Data excerpt.

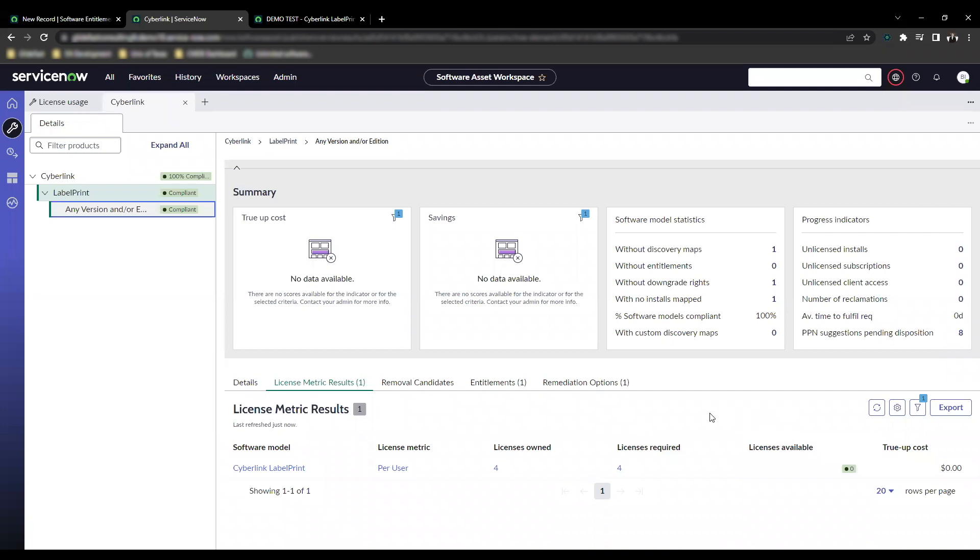A couple of notes about unlimited licenses themselves. Downgrade rights are supported for unlimited licenses. And an unlimited license perpetual entitlement can only be associated to one unlimited license maintenance entitlement.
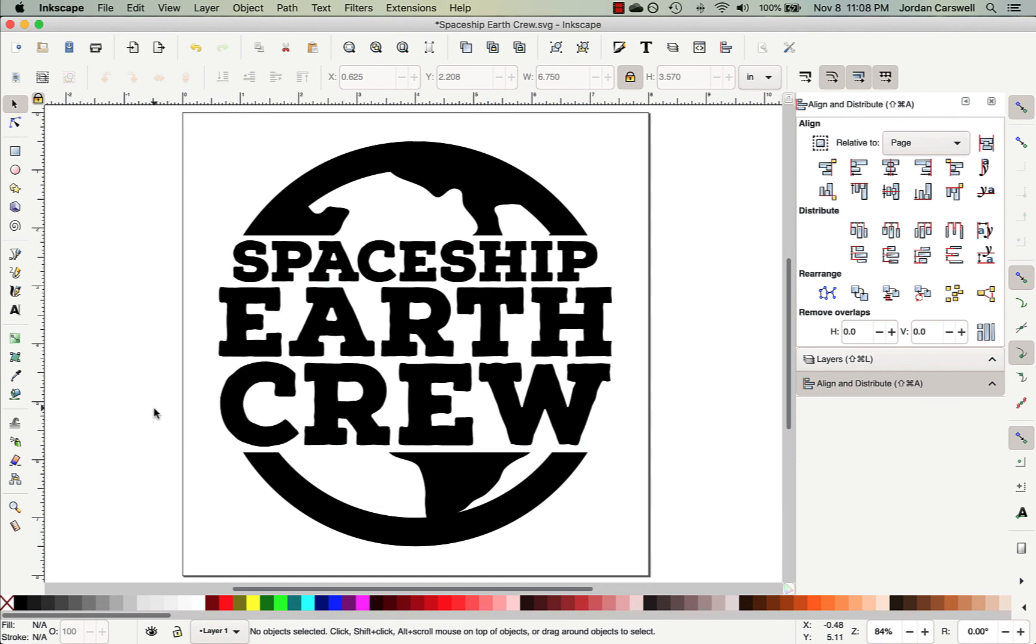And so now I've got my words lined up exactly like I want them inside the design. And so we just have one more step to go, folks.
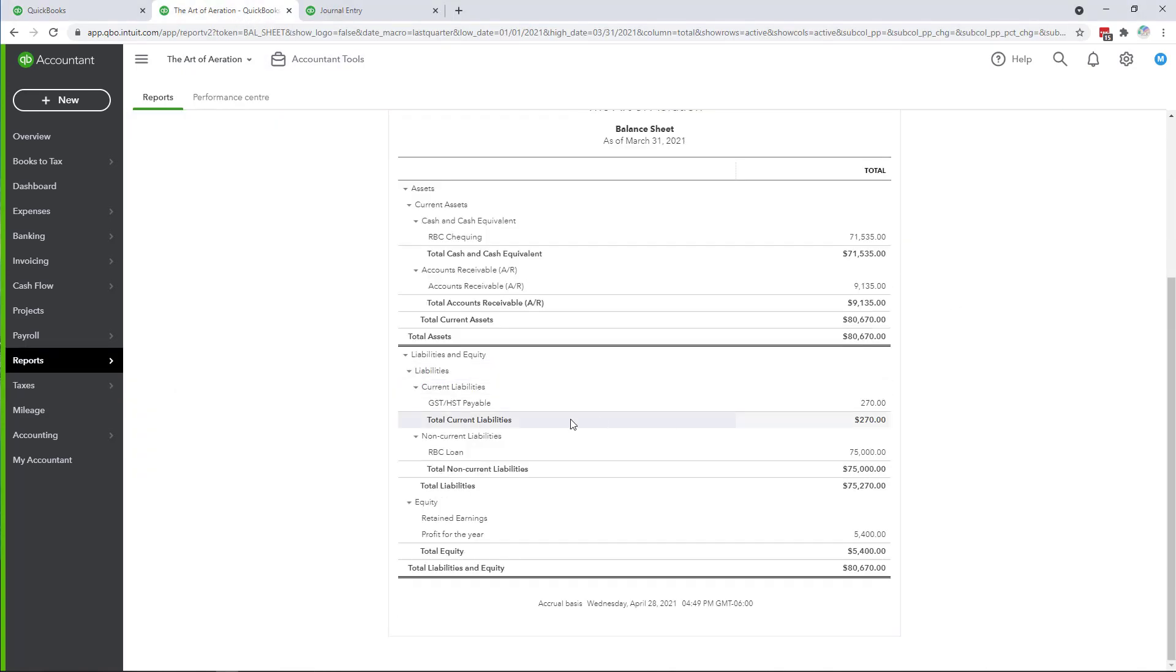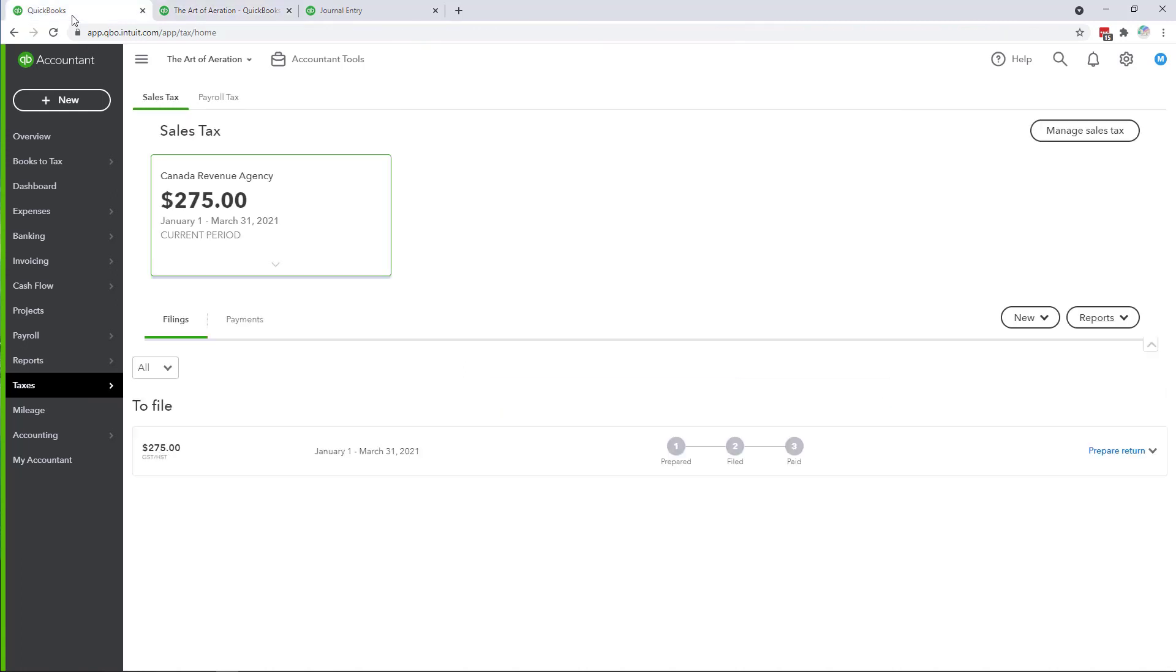I'm going to scroll down and look at my GST HST payable and if you'll notice they're actually not the same. I'm showing $270 on my balance sheet meanwhile in the sales tax center $275. Here's a typical culprit.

Aim of the exercise.
Give back the material word for word and drop the pictures it holds.

Final answer.
A couple of notes about unlimited licenses themselves. Downgrade rights are supported for unlimited licenses. And an unlimited license perpetual entitlement can only be associated to one unlimited license maintenance entitlement.
And so now I've got my words lined up exactly like I want them inside the design. And so we just have one more step to go, folks.
I'm going to scroll down and look at my GST HST payable and if you'll notice they're actually not the same. I'm showing $270 on my balance sheet meanwhile in the sales tax center $275. Here's a typical culprit.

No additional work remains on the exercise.